Of course, the borders of states or regions are sometimes re-arranged to better fit practical administrative purposes. In any case, these are nothing else than sub-optimal adjustments of a far-from-optimal process. Network analysis can be useful in this context, because it can provide an objective way to divide the territory according to a particular theory (and it can provide pretty pictures too).

The theory here is very simple: two territories are related if a lot of people travel regularly from one to the other. If people constantly travel back and forth between two territories, then it probably makes sense to combine these territories into one administrative unit. So, how do we determine which territories should be merged, and which shouldn’t be? This problem is easily solvable in network theory, because it contains a network in its very basic definition: two areas are strongly connected if many people travel from one to the other. What we aim for is a grouping of territories. This looks really familiar to the eyes of some readers of this website: grouping nodes in a network. Yes! Community discovery!

I am not claiming to be the first one to see the problem this way.

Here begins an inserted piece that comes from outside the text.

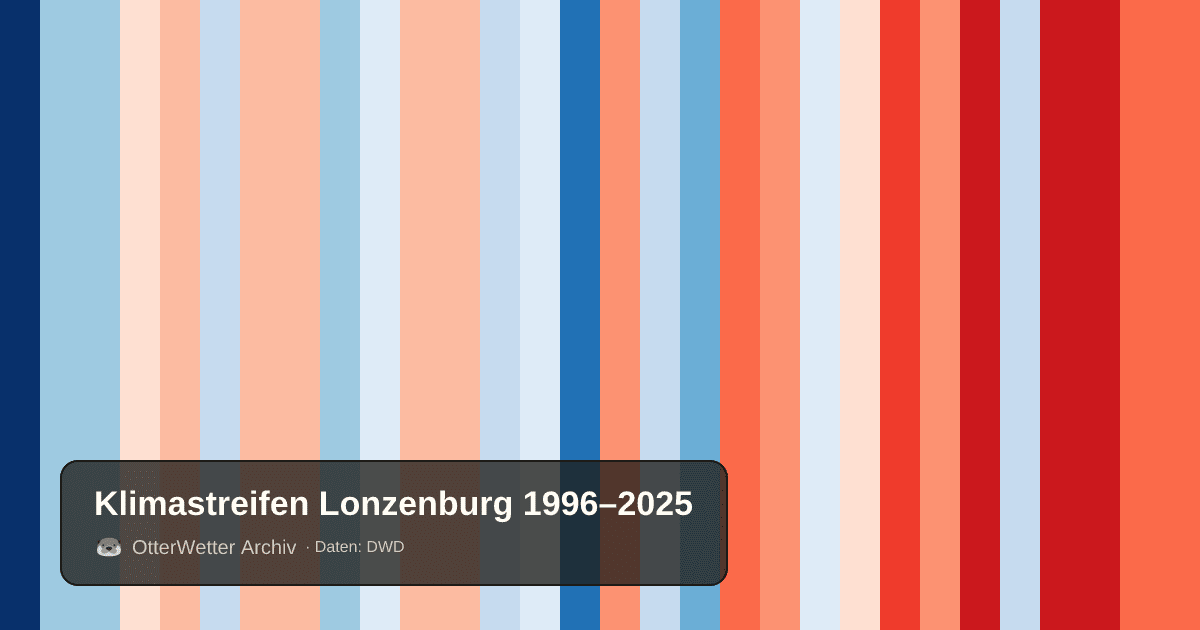 Klimastreifen Lonzenburg: Jahresmitteltemperaturen von blau (kühler) bis rot (wärmer)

There is a number of people who already worked on it: the two most important that I can think of are Brockmann et al. and Ratti et al. However, I am reporting this because I also have a paper on the topic. And, of course, I think it’s better than the alternatives, for a number of reasons that I won’t report because it’s boring for non nerd people. But then again, I am a narcissist, so I can’t resist giving you the short list:

  • The previous works are based on not so perfect data: Brockmann et al. work with the banknotes trajectories recorded by the “Where’s George?” website (an awesome idea, take a look at it), while Ratti et al. use cellphone mobility data. Both are not exact representations about how people move and contain critical error terms. In our work, we use GPS trajectories with very high frequency and precision: we are studying the real thing.
  • The previous works use outdated methods for community discovery which cannot detect small communities: we use a more up-to-date method that is considered the state-of-the-art of community discovery. For example, in Brockmann et al. the entire west part of the United States is apparently one single area, grouping California and Montana and creating a region of 60-something million people.
  • We actually create a framework that establishes the correct methodology to approach the problem in general, instead of just studying one particular case.

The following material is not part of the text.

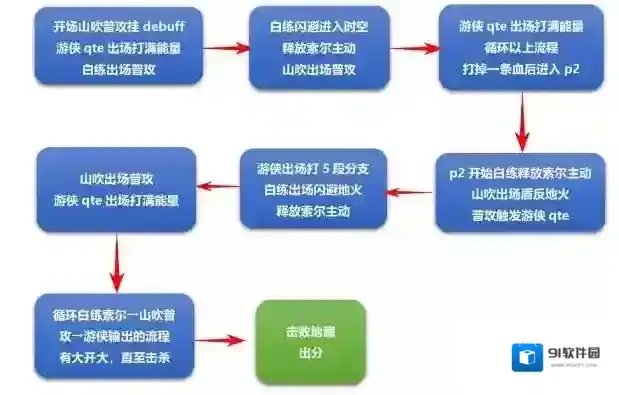崩坏3记忆战场地藏御魂怎么过 打法流程女武神配置攻略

But enough blabbering! I promised pretty pictures and I’ll give you pretty pictures. The general shared methodology is the following (in the pictures, the example of  mobility in Tuscany, Italy):

1) We divide the territory in cells (either a regular grid or very fine grained census cells);

2) We connect the nodes according to how many cars went from one cell to the other;

3) We forget about geography and we obtain a complex network (here, the node layout has nothing to do with their location on the map);

4) We apply community discovery, grouping set of nodes (territories) that are visited by the same people;

5) We put the nodes back in their geographical positions, obtaining the borders we were yearning for.

Funnily enough, Italy is undergoing a re-organization process of its regions and provinces. The results in Tuscany are very similar to the insights of our work (not perfectly similar, as the current process is just a merge of the existing provinces and not a real re-design):

On the left the new provinces (colors) on top of the old ones (lines), on the right our clusters (click for a larger resolution).

The match suggests that our data-driven borders follow the general intuition about what the borders should look like. However, they are not just a blind merge of the existing provinces, such as the one made by the policy-makers, making them more connected with reality. Hurrah for network analysis!